- **The task**
Beginning with the first line below, please repeat the material exactly, ending with the line that includes "Wide aerial view".

- **Entries shown**
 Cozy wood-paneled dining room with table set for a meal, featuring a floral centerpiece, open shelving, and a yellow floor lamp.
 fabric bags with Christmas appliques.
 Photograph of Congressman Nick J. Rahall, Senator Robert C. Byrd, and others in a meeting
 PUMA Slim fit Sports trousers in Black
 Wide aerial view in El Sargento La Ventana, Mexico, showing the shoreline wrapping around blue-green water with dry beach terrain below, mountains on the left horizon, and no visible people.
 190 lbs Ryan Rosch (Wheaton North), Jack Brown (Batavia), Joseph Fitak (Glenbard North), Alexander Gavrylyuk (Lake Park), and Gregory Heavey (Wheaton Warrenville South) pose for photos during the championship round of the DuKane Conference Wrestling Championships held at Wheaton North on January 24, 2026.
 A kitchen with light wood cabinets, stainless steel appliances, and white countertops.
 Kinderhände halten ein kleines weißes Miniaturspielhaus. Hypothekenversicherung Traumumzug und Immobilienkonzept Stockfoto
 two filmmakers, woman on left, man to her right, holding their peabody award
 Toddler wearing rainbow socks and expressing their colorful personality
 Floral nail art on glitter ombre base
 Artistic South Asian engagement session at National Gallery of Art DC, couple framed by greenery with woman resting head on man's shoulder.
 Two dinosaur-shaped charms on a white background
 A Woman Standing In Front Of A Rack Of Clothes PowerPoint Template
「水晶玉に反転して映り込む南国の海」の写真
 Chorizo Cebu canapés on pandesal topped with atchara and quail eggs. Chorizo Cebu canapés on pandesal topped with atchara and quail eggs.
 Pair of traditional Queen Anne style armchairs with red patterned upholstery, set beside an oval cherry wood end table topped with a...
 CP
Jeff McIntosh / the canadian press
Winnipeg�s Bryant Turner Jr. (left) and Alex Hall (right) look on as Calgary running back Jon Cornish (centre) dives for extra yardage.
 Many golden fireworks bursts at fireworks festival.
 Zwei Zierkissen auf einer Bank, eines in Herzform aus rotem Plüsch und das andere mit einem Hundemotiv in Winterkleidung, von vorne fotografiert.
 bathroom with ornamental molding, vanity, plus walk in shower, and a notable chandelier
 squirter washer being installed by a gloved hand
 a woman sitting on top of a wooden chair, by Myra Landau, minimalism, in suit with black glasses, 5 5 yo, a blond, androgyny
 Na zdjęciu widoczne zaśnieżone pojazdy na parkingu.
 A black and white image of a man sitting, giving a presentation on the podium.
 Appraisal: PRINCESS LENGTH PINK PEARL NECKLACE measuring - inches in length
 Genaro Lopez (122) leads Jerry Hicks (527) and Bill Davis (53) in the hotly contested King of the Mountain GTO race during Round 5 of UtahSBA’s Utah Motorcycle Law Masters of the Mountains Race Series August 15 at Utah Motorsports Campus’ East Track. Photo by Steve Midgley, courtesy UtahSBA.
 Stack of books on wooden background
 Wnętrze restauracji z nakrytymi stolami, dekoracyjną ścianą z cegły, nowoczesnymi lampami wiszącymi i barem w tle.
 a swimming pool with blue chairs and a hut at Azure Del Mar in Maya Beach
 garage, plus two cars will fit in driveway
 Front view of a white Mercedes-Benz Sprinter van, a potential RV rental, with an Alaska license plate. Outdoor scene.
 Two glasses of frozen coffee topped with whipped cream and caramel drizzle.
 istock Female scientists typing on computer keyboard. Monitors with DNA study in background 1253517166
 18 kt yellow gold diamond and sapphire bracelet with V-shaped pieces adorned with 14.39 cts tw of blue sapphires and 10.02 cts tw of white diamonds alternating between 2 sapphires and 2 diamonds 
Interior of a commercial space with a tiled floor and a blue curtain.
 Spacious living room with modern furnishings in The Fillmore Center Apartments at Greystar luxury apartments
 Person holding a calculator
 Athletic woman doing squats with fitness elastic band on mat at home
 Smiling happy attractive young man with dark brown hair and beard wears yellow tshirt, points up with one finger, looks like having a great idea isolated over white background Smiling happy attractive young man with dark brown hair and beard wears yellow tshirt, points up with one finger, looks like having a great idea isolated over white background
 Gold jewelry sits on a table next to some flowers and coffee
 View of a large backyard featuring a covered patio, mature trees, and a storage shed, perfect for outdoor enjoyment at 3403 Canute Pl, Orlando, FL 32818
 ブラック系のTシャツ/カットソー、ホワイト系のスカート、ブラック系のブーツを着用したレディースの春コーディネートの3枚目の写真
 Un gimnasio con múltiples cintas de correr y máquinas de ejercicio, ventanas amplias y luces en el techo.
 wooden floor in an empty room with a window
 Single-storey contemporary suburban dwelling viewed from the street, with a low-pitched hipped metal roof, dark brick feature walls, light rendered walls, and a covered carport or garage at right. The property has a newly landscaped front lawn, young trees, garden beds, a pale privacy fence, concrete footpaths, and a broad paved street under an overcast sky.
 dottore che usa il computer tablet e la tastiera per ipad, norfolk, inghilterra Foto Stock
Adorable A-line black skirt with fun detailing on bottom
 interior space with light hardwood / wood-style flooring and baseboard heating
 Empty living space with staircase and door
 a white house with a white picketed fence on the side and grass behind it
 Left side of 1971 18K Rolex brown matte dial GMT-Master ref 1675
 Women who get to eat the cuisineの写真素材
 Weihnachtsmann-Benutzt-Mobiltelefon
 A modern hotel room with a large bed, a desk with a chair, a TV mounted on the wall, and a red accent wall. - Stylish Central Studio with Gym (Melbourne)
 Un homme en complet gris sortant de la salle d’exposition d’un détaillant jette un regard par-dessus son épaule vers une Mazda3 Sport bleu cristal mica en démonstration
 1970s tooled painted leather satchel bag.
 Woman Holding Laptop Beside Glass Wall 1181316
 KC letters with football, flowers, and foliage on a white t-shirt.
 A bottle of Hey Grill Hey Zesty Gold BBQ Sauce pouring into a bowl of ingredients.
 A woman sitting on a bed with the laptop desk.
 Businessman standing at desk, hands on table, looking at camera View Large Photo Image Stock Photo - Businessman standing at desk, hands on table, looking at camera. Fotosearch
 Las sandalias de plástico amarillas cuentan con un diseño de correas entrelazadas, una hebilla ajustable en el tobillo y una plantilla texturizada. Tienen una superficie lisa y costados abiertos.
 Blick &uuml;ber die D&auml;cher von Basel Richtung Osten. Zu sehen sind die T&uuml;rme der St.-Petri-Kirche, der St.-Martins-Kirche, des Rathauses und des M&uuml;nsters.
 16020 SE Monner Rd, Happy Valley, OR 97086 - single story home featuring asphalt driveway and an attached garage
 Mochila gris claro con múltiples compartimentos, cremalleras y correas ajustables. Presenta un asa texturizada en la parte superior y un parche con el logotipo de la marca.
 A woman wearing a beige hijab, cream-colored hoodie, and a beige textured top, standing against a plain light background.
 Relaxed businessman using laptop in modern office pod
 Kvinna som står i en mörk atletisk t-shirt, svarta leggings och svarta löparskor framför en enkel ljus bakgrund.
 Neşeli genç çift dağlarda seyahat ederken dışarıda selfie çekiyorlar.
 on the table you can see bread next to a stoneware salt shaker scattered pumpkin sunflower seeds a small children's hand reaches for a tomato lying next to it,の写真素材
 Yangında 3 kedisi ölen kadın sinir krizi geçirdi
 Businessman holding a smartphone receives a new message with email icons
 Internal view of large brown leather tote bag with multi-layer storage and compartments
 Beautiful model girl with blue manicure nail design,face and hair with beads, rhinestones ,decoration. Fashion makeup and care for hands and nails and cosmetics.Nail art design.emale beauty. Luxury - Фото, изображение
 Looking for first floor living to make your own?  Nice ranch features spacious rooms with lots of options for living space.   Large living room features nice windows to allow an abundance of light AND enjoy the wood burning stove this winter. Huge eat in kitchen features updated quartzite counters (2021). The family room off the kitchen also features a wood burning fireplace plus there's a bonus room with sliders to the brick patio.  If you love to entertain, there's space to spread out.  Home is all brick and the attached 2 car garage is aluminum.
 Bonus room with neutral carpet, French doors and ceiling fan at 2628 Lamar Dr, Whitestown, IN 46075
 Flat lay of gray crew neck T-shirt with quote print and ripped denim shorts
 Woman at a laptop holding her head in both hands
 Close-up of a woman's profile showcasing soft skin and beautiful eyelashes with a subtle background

- **Solution**
 Cozy wood-paneled dining room with table set for a meal, featuring a floral centerpiece, open shelving, and a yellow floor lamp.
 fabric bags with Christmas appliques.
 Photograph of Congressman Nick J. Rahall, Senator Robert C. Byrd, and others in a meeting
 PUMA Slim fit Sports trousers in Black
 Wide aerial view in El Sargento La Ventana, Mexico, showing the shoreline wrapping around blue-green water with dry beach terrain below, mountains on the left horizon, and no visible people.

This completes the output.